El beneficio, buen sirviente pero pésimo maestro

09/05/2014

Miguel Ángel Valero. El Pontificio Consejo Justicia y Paz reflexiona sobre el líder empresarial.

Con independencia de las creencias religiosas que cada uno pueda tener, “La vocación del líder empresarial. Una reflexión”, elaborado por el Pontificio Consejo Justicia y Paz a partir de seminarios sobre “Caritas in Veritate”, la encíclica de Benedicto XVI, ofrece propuestas muy interesantes.
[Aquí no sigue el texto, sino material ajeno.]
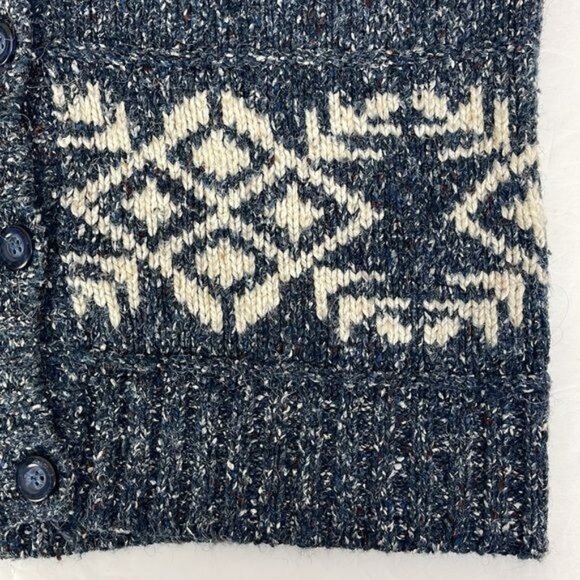 Vtg St Johns Bay Women's Medium Blue Southwest Wool Blend Cardigan - Picture 7 of 11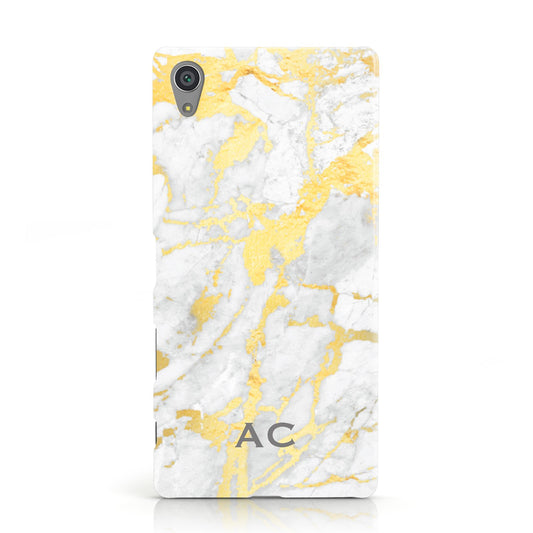 Personalised Gold Marble Initials Sony Xperia Case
No es un libro grande, tiene 28 apretadas páginas, pero es una gran obra, sobre todo por su objetivo: una ayuda formativa para la vocación de los empresarios.

Ya desde el prefacio del cardenal Peter Turkson, presidente del Consejo, marca las reglas del juego, los principios: “satisfacer las necesidades del mundo con  bienes que sean realmente buenos y que realmente sirvan”, “organización del trabajo de la empresa de un modo respetuoso con la dignidad humana”; subsidiariedad, “que fomenta el espíritu de iniciativa y aumenta la competencia de los empleados, considerados co-emprendedores), y “la creación sostenible de riqueza y su distribución justa entre los diversos grupos implicados en la empresa”.

El documento alerta sobre que “lo urgente puede marginar lo importante” y, especialmente, sobre “la vida dividida”: “La separación entre la fe y la práctica empresarial en el día a día puede acarrear desequilibrios y una búsqueda desordenada del éxito mundano”. Y propone “un liderazgo de servicio, basado en la fe”, que está muy lejos “del ejercicio autoritario del poder” y que ayuda a los líderes empresariales “a armonizar las demandas del mundo económico y los principios ético-sociales”.

La vida de la población mejora significativamente en los sitios donde hay empresas exitosas”, señala el Pontificio Consejo Justicia y Paz, que critica “la ausencia de estado de derecho o de regulaciones, la corrupción, la competencia depredadora, el capitalismo de amigotes (en el que el éxito empresarial depende de dudosas relaciones entre empresarios y gobiernos), la excesiva intervención estatal, o una cultura hostil hacia la iniciativa emprendedora”. Pero también “tratar a los empleados como meros recursos, tratar la empresa como si fuera una simple mercancía, rechazar una correcta regulación del mercado por parte del gobierno, ganar dinero a partir de productos que no son realmente buenos o servicios que realmente no sirven, o explotar los recursos naturales o humanos de forma destructiva”.

El becerro de oro surge “cuando el empresario considera como único criterio de acción el máximo beneficio en la producción”, por lo que “los líderes empresariales deben estar muy atentos a evitar la tentación de la idolatría”.

 

Globalización

El documento subraya palabras de Benedicto XVI: “la sociedad cada vez más globalizada nos hace más cercanos, pero no más hermanos”. El capital “ya no tiene en cuenta la gente de los países donde obtiene sus beneficios”. “Uno de los mayores riesgos es sin duda que la empresa responda casi exclusivamente a las expectativas de los inversores en detrimento de su dimensión social”, porque “cada vez son menos las empresas que dependen de un único empresario estable que se sienta responsable a largo plazo, y no sólo por poco tiempo, de la vida y los resultados de su empresa”.

La Doctrina Social de la Iglesia proclama que “la empresa debe caracterizarse por la capacidad de servir al bien común de la sociedad mediante la producción de bienes y servicios útiles”. La Iglesia reconoce “el papel legítimo de la ganancia como indicador del correcto funcionamiento de la empresa”. Pero recuerda que no es el único ni el más importante criterio para juzgar a una empresa.

“El objetivo exclusivo del beneficio, cuando es obtenido mal y sin el bien común como fin último, corre el riesgo de destruir riqueza y crear pobreza”, indica el documento. “Los beneficios son como el alimento. Un organismo debe alimentarse, pero no es éste el fin primordial de su existencia. Los beneficios son un buen sirviente, pero un pésimo maestro”, concluye el Pontificio Consejo Justicia y Paz.

En la presentación de la obra en España, el cardenal Turkson citaba al Papa Francisco: “la vocación de un empresario es una noble tarea, siempre que se deje interpelar por un sentido más amplio de la vida”, e interpreta su tarea como una llamada a continuar el trabajo divino de la creación mediante la “lógica del don”, conciliando el mercado con el bien común.